Canada

Religious freedom does not mean freedom to practice illiberal religion

To defend religious freedom no more implies its superiority to other human rights than to defend any such right

Indonesian Christians protest violence by Islamic hard-liners in Jakarta, Aug. 15, 2010. (Dita Alangkara/AP)

The New Missionaries is a joint project between Maclean’s and OpenCanada.org, the Canadian International Council’s (CIC) hub for international affairs. Click here to learn more about the CIC. To read Janet Keeping on why there’s reason to question the government’s motives for establishing the Office of Religious Freedom, click here.

In establishing an Office of Religious Freedom, the present government is not placing religious freedom above other human rights, for the simple reason that to do so is impossible. To think that religious freedom is liable to being placed above other human rights is to misunderstand what is meant by religious freedom (and therefore to misunderstand its relationship to these other rights).

To defend religious freedom no more implies its superiority to other human rights than to defend any such right implies its superiority to others. Properly understood (and there’s no reason to conclude that the present government understands it improperly) freedom of religion implies the other basic human rights. All are aspects of the autonomy of the individual, so to defend any is to defend that autonomy, and therefore (in principle) all the others. To establish an Office of Religious Freedom is therefore wholly without prejudice to any other human freedom.

Here the crucial point to grasp is that religious freedom has never meant freedom to practice illiberal religion (i.e. any religion that seeks to employ coercion, whether of its own adherents or others). You can’t persecute under the mantle of freedom from persecution, and it’s precisely freedom from religious persecution for which “religious freedom” is shorthand. In a clash of dogmatic and intolerant sects (of which there are still many in the world today), neither party can invoke the protection of the principle of religious freedom.

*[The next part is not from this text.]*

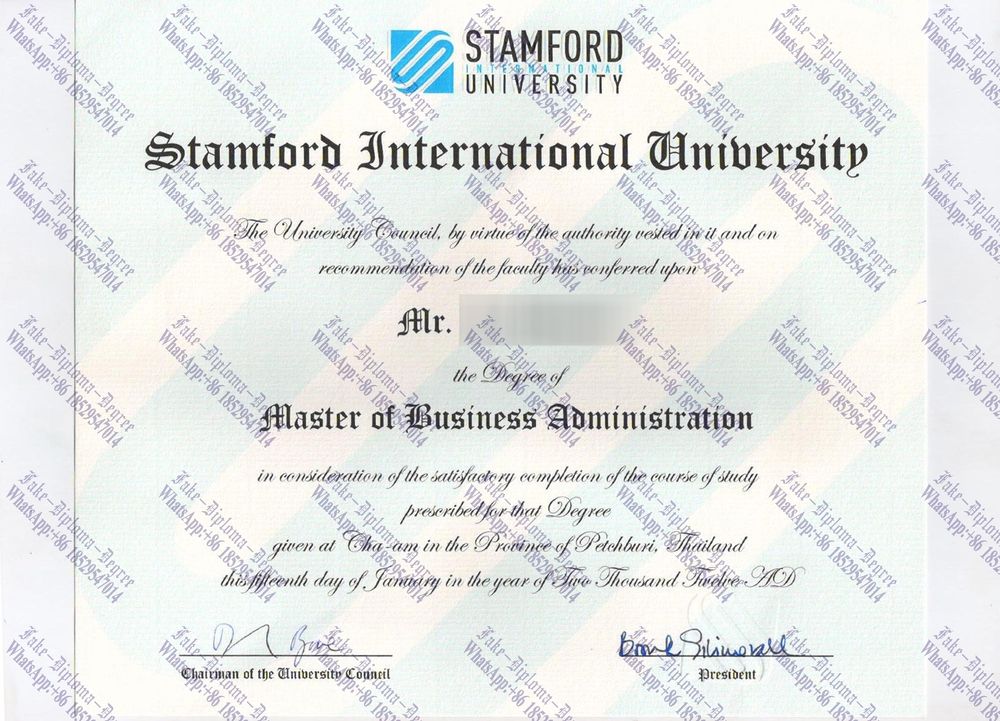 Where to order fake Stamford international University Diploma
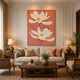 Coral Bloom – Printed Canvas Felt Acoustic Panel (4 X 3)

Nor, however, can any sect claim protection for practices that violate any human right, for any such violation amounts to illegitimate coercion on behalf of religion. The best way to understand religious freedom is precisely as freedom from such coercion.

From this, it follows that religious freedom equally protects the religious and the non-religious. The believer can no more coerce the atheist than the atheist can coerce the believer. I don’t fault the Harper government for not billing its new entity as the office for the Equal Protection of Believers and Non-Believers. However, to defend religious freedom is, in fact, to vindicate such equal protection. Who benefits from the purging of all coercion from the realm of religion? Obviously not only the religious.

There is, of course, one sense in which the establishment of an Office of Religious Freedom does “place religious freedom above other human rights,” but that sense is neither improper nor sinister. All governments choose their fights, and then their fights within their fights. For the Harper government to create such an office is not to turn its back on other human rights. It’s merely to indicate that it will focus a portion of its limited resources for international human rights promotion on issues of religious freedom.

Consider this decision as analogous to one to create an Office of Freedom of the Press or of Freedom of Assembly. Would either such decision have aroused such animus? Neither of these freedoms is less fundamental than freedom of religion, but neither is either of them more so. All belong in the bundle, as necessary aspects of the human autonomy that we mentioned at the beginning. All three freedoms, moreover, are subject to massive violation in many parts of the world today. All are in sore need of white knights to ride to their defence. All, indeed, are in need of far larger squadrons of these than Canadian diplomacy (and the new office with its limited budget) have to deploy. Is the Harper government then to be faulted for choosing to employ its few drops of influence in one bucket rather than many? Or for choosing the issue that is most likely to command the enthusiasm of a large fraction of its supporters? Not by me it isn’t.

Clifford Orwin is a professor of political science, classic and Jewish studies at the University of Toronto, as well as a distinguished visiting fellow at the Hoover Institution at Stanford.